We inherited some code that has a variable that begins in the "SwiftUI world", so to speak, and is copied over to a global variable in the "Swift world" for use in non-SwiftUI classes (POSOs? Plain Ol' Swift Objects?).
Here's a contrived example showing the basic gist of it. Note how there's an AppViewModel
that maintains the state, and an .onChange
that copies the value to a global var, which is used in the plain class DoNetworkStuff.
I would like to weed out the redundant global var, but I kind of see why it was done this way--how DO you bridge between the 2 worlds? I don't think you can add a ref to AppViewModel
inside DoNetworkStuff.
I was thinking you could add a function to the AppViewModel
that returns devid,
and stash a ref to the function in a var for use whenever devid
is needed., so at least you're eliminating the var value being stored in 2 places, but that might be confusing a year from now. I'm trying to think of a way to rewrite this without ripping out too much code (it could be that maybe it's better to leave it).
var gblDevID = "" //global var
class AppViewModel: ObservableObject {
@Published var devid = ""
...
}
struct ContentView: View {
@StateObject var appViewModel = AppViewModel()
var body: some View {
TextField("Enter device id", text: $appViewModel.devid)
.onChange(of: appViewModel.devid) { newVal in
gblDevID = newVal
}
...
}
}
class DoNetworkStuff {
func networkingTask() {
doSomeTask(gblDevID)
}
}
There's quite a lot to unpack here.
You have one of 2 possibilities in your app:
-
You have only once instance of AppViewModel in your app's lifecycle. This means you must prevent the creation of more than one window (aka scene) using that ContentView.
-
You allow the creation of multiple instances of your window, which means you'll have a different ContentView in each possible window, and so possibly more than one AppViewModel at a time. In this case, your code is already broken, since you have only one global, and you can't tell which instance of AppViewModel it's related to.
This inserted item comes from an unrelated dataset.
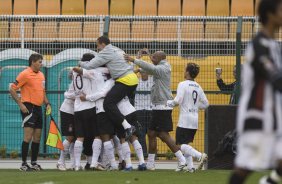 SP - CORINTHIANS/SP X ABC/RN - ESPORTES - durante partida vlida pelo returno do Campeonato Brasileiro da segunda diviso 2008, realizada no estdio do Pacaembu, neste sbado a tarde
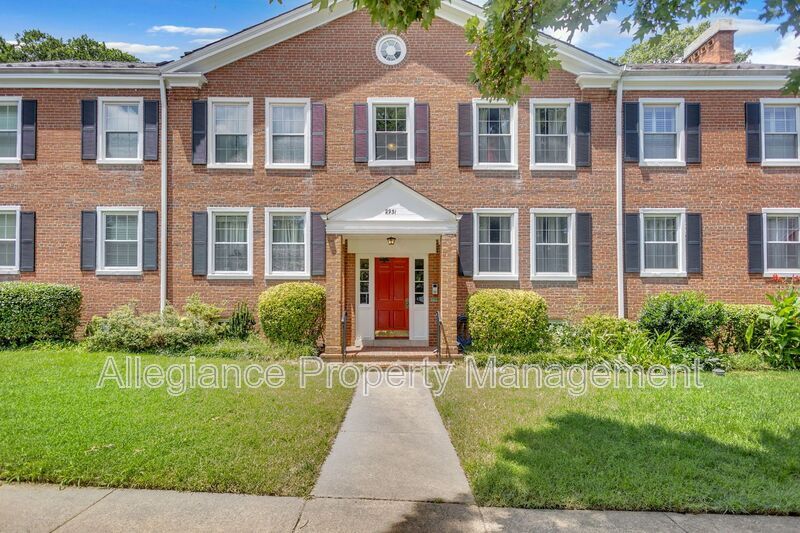 Primary Photo - 2931 S Columbus St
If you want to do #1, assuming you've found a way to prevent creation of more than one instance, then you can solve your problem in a couple of ways:
Possible solution: Create your AppViewModel outside of ContentView, and pass it in as a parameter or via an .environmentObject modifier on ContentView. You can store your AppViewModel reference in a place that your non-view code can find it.
Possible solution: Use a singleton model, where (for example) AppViewModel has a shared
static property that returns the one and only instance. Your non-view code can get this reference as AppViewModel.shared
.
For a slightly different perspective, consider that you've perhaps "under-designed" your solution here, because the fact that you need a "devID" for your networking code means that it's something that should be in an app data model, not in a view model. You may need both, too — for example, while a user is editing some input in a text field, you might need a temporary state variable in a view model to bind to in SwiftUI, but you don't want to update the corresponding data model value until the user has finished editing the value.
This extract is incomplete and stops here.